Business Day (Johannesburg)
17 March 2009
AFRICAN National Congress treasurer-general Mathews Phosa says the partnership between China and SA will be stepped up after the election.
[ See Article ]
Well said. even after so-called independance many in the west, and unfortunately, many Africans and African "leaders" still believe in the legitmacy of European and American "entitlement" to possess and to control the natural resources of their former colonies and, the right to dictate their domestic and international politics. The rise of China and of India and of others as global players is a golden opportunity for Africans to start dealing with other non-Western states and cultures which have a relatively clean slate in Africa with a new paradigm. This change is beginning of the long hoped for opportunity to replace the poison of Western "aid" with relationships which are based more upon the creation of win-win trading relationships. Once the West accepts the fact that in the modern world, it is no longer the only alternative, its behavior will change. If not, then so be it.
The West? The rot.
Are you not sick of this Western Tradition; this tradition of inconsistencies, a tradition founded on tolerance only for 'WHITES'?
That is the point: if the Chinese can stand up to the West, perhaps, they know a thing or two Africans don't: time to learn from them, then.
South Africa had no choice but to cozy up to China. The ANC leadership is riddled with corruption, incompetence and a sense of entitlement. The chinese don't seem to mind this as long as they make a buck. We in the west are tired of their immaturity and lack of business sense.
The "Chinese" lack "business sense"?
Fortunately, rationality winks the other way: the US Federal Reserve knows better; so does the US Treasury. All those US treasury bills in the bank vaults of the "immature" Chinese attest to their "lack of business sense"?
Please.
Forget racism, which is crap: if the Chinese were real commies, they could implode capitalism by just dumping their trillions of USDS in the world currency markets. But, alas, they lack "business sense."
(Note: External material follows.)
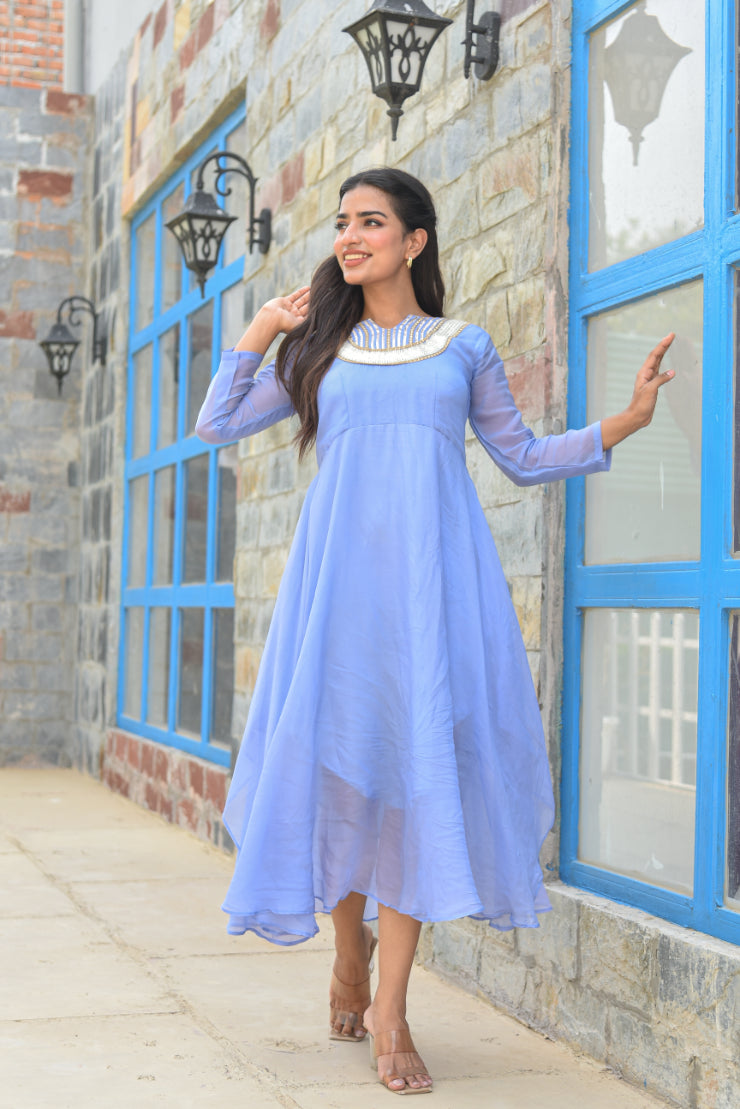 Woman in a light blue dress standing in front of a building with blue-framed windows.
Beyond money, which grows on trees in China, China's cultural tradition is more authentic than the West's; moreover, no "immature" Chinese ever an African enslaved or African land stole.
Glory then to immaturity and business naivete.
Go for it, SA. The west has disappointed us, time and time again, for decades, before, during and after apartheid. Black Africa's relationship with the West is nothing but exploitative and paternalistic, to put it mildly, using the likes of Tutu and Annan as their black faces.